*INFORMATION SUPPLIED*.
* * * * *

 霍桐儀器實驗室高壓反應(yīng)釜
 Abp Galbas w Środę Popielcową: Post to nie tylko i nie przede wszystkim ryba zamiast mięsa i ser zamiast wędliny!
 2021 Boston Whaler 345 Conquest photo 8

* * * * *

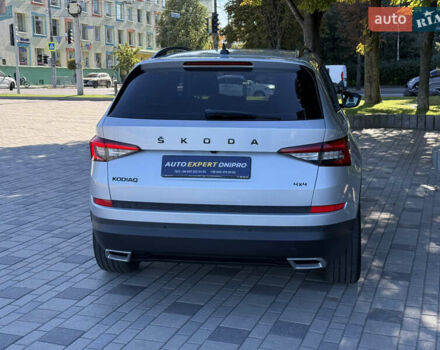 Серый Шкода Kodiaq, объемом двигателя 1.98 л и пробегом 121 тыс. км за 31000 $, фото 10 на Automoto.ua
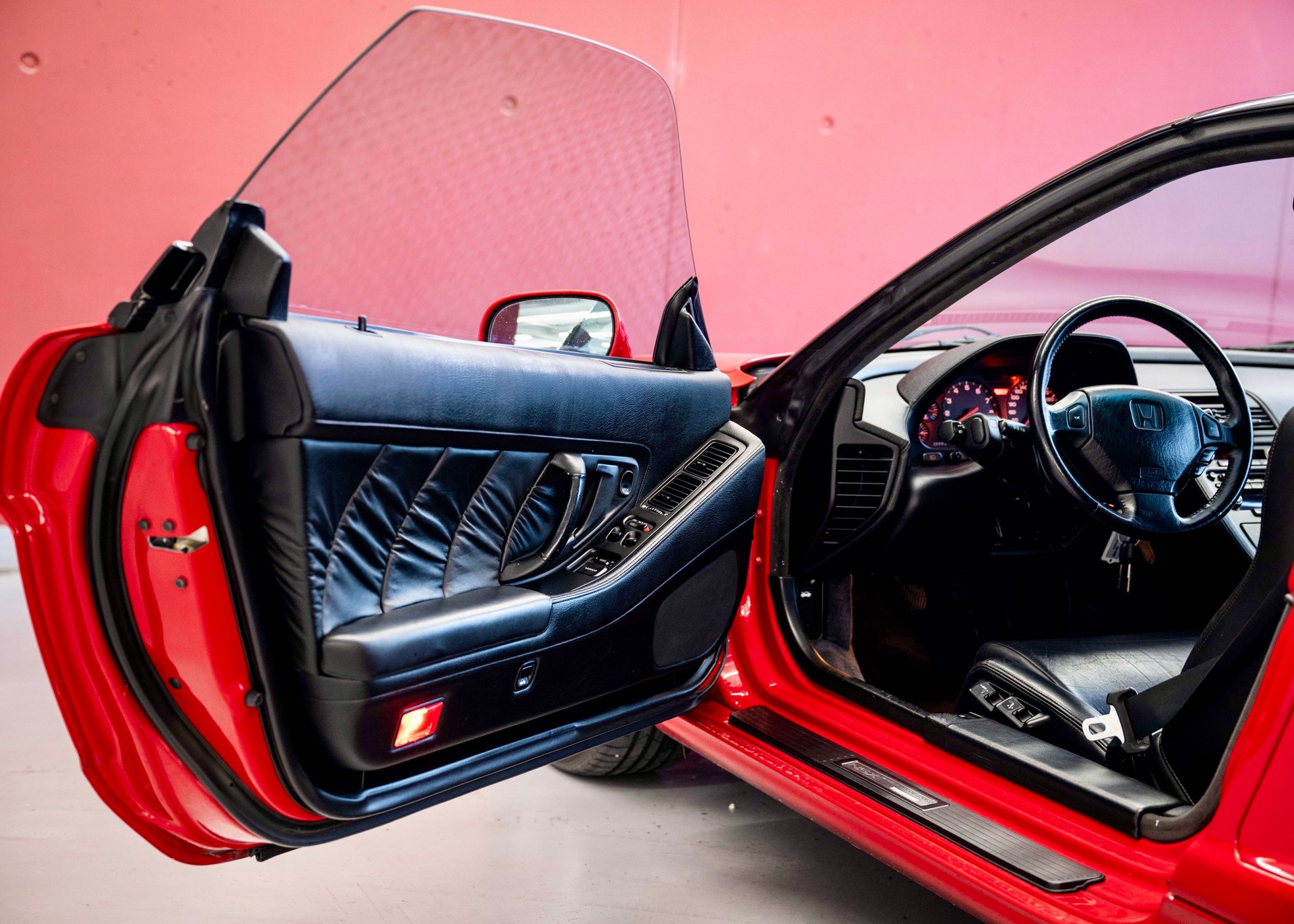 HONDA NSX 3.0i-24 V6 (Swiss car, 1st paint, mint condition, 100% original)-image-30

* * * * *

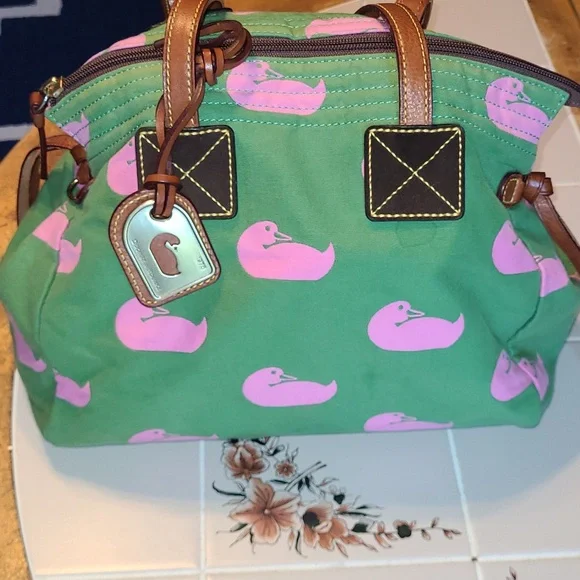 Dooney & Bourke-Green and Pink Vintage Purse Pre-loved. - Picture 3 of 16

* * * * *

*TASK DIRECTIONS*.
Begin with the line that has "霍桐儀器實驗室高壓反應(yīng)釜" in the listing above and end after the line that has "2021 Boston Whaler 345 Conquest photo 8"; output those lines exactly.

*ANSWER BELOW*.
 霍桐儀器實驗室高壓反應(yīng)釜
 Abp Galbas w Środę Popielcową: Post to nie tylko i nie przede wszystkim ryba zamiast mięsa i ser zamiast wędliny!
 2021 Boston Whaler 345 Conquest photo 8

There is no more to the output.